Tierbesitzer aufgepasst: andalusiens steuererleichterungen für haustiere
Ein meilenstein für tierliebhaber in andalusien
Für Tierbesitzer in Spanien, insbesondere in Andalusien, ändert sich einiges. Die Kosten für die Haltung von Haustieren – Hunde, Katzen und andere – sind oft beträchtlich. Bisher wurden diese Ausgaben bei der Einkommensteuererklärung (IRPF) nicht berücksichtigt. Doch nun hat sich dies geändert: Andalusien führt eine neue, regionale Steuerabzugsmöglichkeit ein, die Tierarztkosten als steuerlich absetzbar anerkennt. Dies stellt einen wichtigen Schritt zur Anerkennung der Verantwortung und der finanziellen Belastung dar, die mit der Tierhaltung verbunden ist.

Was bedeutet das konkret?
Die neue Regelung reiht sich in eine Reihe anderer beliebter Steuerabzüge ein, wie beispielsweise die Mitgliedsbeiträge für Fitnessstudios. Tierbesitzer in Andalusien können nun eine Steuererleichterung in Anspruch nehmen, die ihre finanzielle Last verringert und gleichzeitig die verantwortungsvolle Tierhaltung und Adoption fördert. Der Abzug gilt grundsätzlich im ersten Jahr nach der Anschaffung, bei Adoptionen jedoch bis zu drei Jahre.

Höhe des abzugs und begrenzungen
Der steuerliche Abzug beträgt 30% der Tierarztkosten, wobei ein maximaler Betrag von 100 Euro pro Steuerpflichtigem und Jahr gilt. Es spielt keine Rolle, wie viele Haustiere im Haushalt leben; der Höchstbetrag bleibt gleich. Diese Maßnahme, die im Rahmen eines Pakets an autonomen Steuersenkungen verabschiedet wurde, könnte bis zu 1.350 Euro in der Einkommensteuererklärung 2026 für betroffene Steuerzahler bedeuten.

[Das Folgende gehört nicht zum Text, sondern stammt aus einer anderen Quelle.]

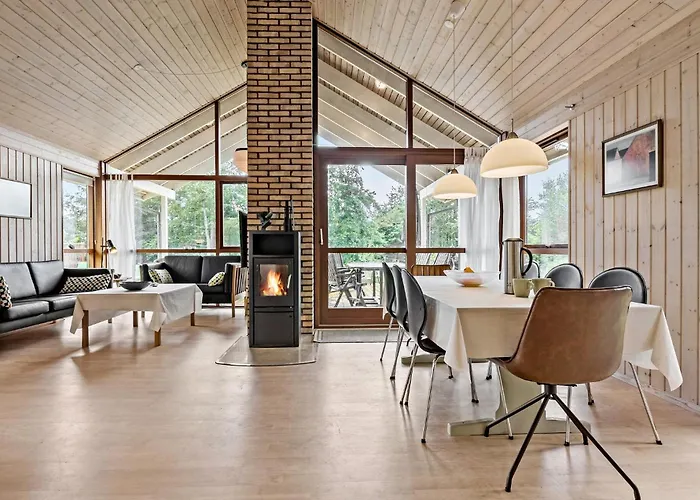 Feriehus 3 Bedroom Beautiful In Logstor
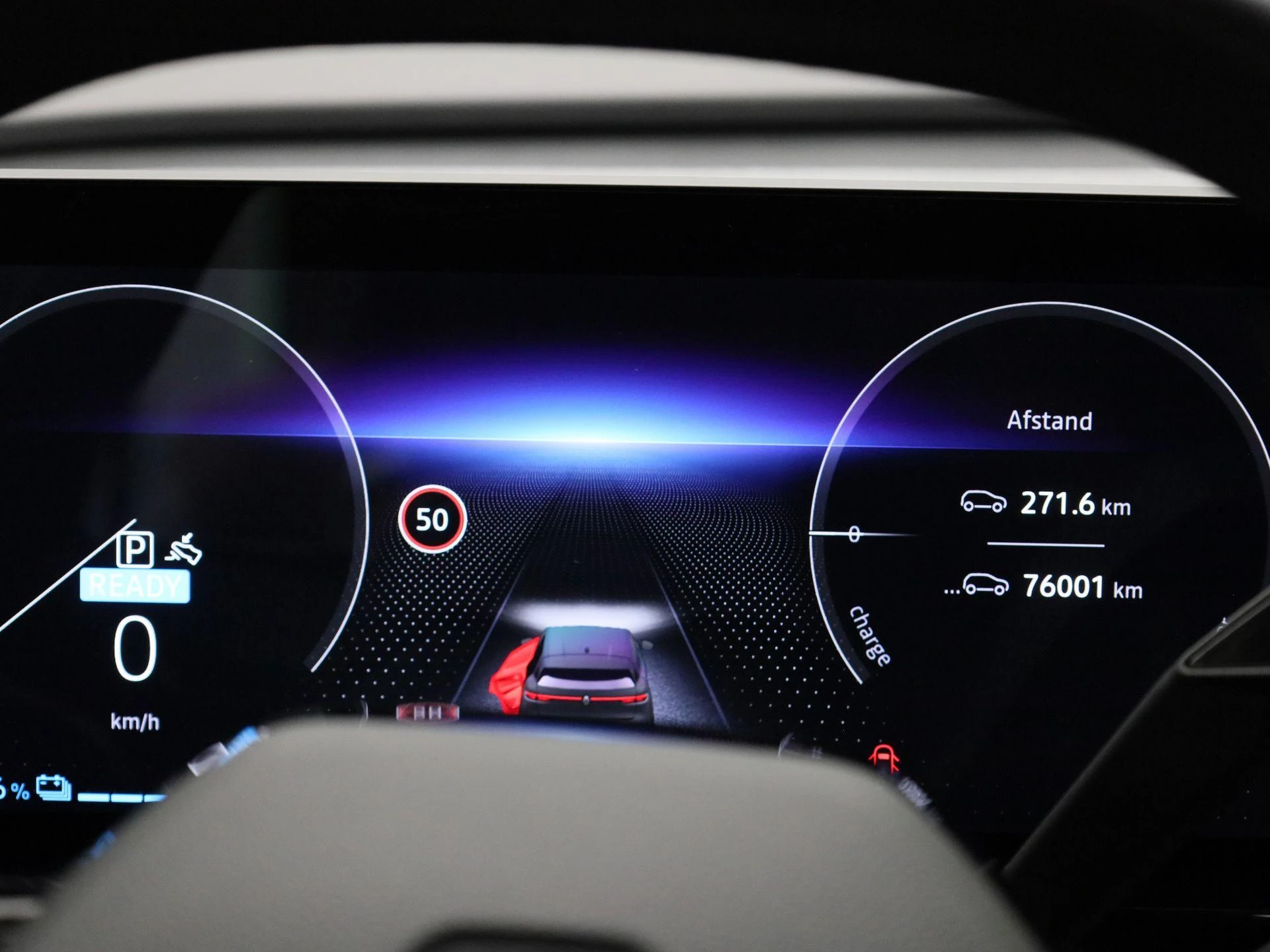 Renault-Megane E-Tech-image-7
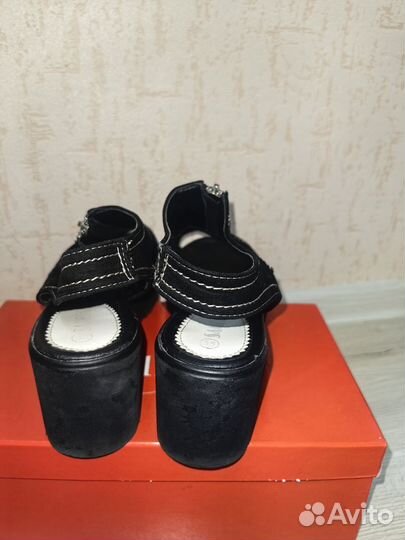 Босоножки женские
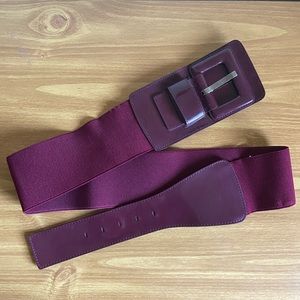 Chunky, stretchy belt in a purple color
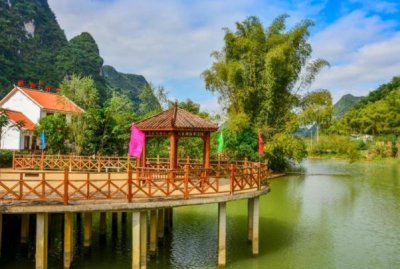 ​广西最美长寿之乡，依山傍水绿树成荫，百岁老人还超过70位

Welche ausgaben sind abzugsfähig?
Zu den abzugsfähigen Ausgaben gehören Futter, Impfungen, Vorsorgeuntersuchungen, Behandlungen und andere grundlegende tierärztliche Leistungen. Diese Kosten können pro Tier oft 600 Euro oder mehr pro Jahr betragen. Abzugsfähig sind beispielsweise Tierarztbesuche, medizinische Behandlungen, Impfungen und notwendige Operationen, sofern diese ordnungsgemäß mit der entsprechenden Rechnung nachgewiesen werden können.

Wichtige voraussetzungen für den abzug
- Mikrochip-Kennzeichnung: Das Tier muss mit einem Mikrochip gekennzeichnet sein.
- Registrierung im RAIA: Die Registrierung im Registro Andaluz de Identificación Animal (RAIA) ist erforderlich.
- Rechnung auf Steuerzahlername: Die Rechnung muss auf den Namen des Steuerpflichtigen ausgestellt sein.
Wie bei anderen autonomen Steuerabzügen gibt es auch hier Einkommensgrenzen, die bestimmen, welche Steuerpflichtigen von der Abzugsmöglichkeit profitieren können.
Unterschiede zwischen kauf und adoption
Es gibt Unterschiede je nach Herkunft des Tieres. Bei einem Kauf gilt der Abzug nur im ersten Jahr, während er bei einer Adoption aus einem Tierheim oder einer Tierschutzorganisation bis zu drei Jahre gewährt wird. Dies soll die Adoption fördern. Hunde, Blindenhunde oder Tiere mit therapeutischer Funktion können den Abzug ohne zeitliche Begrenzung geltend machen, solange sie ihre Funktion erfüllen und ordnungsgemäß registriert sind.
Dokumentation ist entscheidend
Es ist wichtig, alle relevanten Dokumente, insbesondere die Rechnungen, sorgfältig aufzubewahren. Ohne diese Nachweise ist es nicht möglich, den Abzug geltend zu machen, selbst wenn die Kosten entstanden sind. Diese neue Abzugsmöglichkeit von bis zu 100 Euro ist ein bedeutender Schritt für Familien mit Haustieren, da bisher die Tierarztkosten steuerlich nicht berücksichtigt wurden. Es bleibt abzuwarten, ob andere Regionen Spaniens diesem Beispiel folgen werden.